> _Data supplied_:
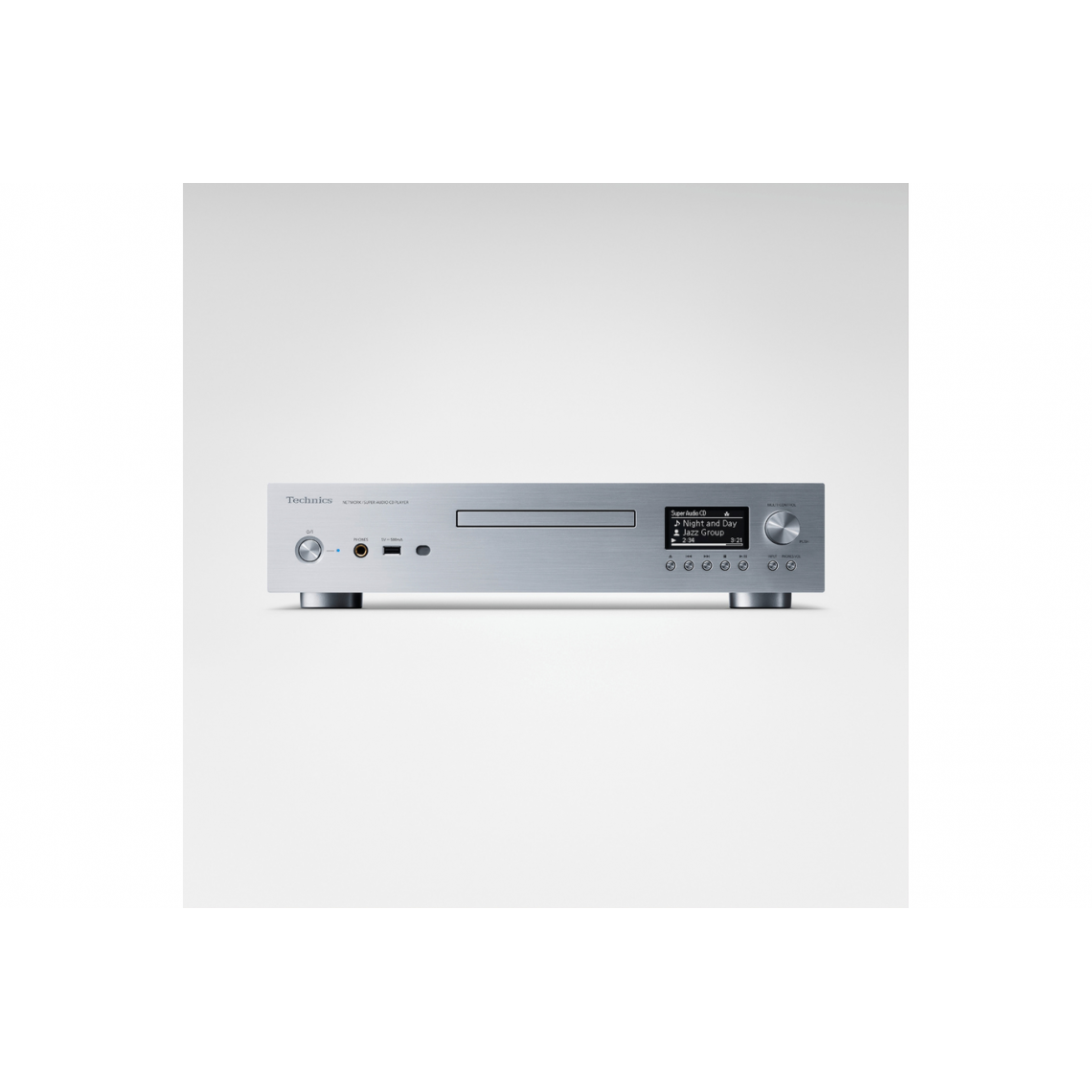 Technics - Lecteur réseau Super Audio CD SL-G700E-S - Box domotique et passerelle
==
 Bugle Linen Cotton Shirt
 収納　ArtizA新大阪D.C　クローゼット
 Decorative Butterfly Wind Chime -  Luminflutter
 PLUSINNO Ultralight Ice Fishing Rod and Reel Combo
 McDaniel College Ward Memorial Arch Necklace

> _Problem description_: Find "PLUSINNO Ultralight Ice" in the entries above and copy that whole line exactly, then each line after it through the line that contains "McDaniel College Ward Memorial Arch Necklace".

> _Solution to the problem_:
 PLUSINNO Ultralight Ice Fishing Rod and Reel Combo
 McDaniel College Ward Memorial Arch Necklace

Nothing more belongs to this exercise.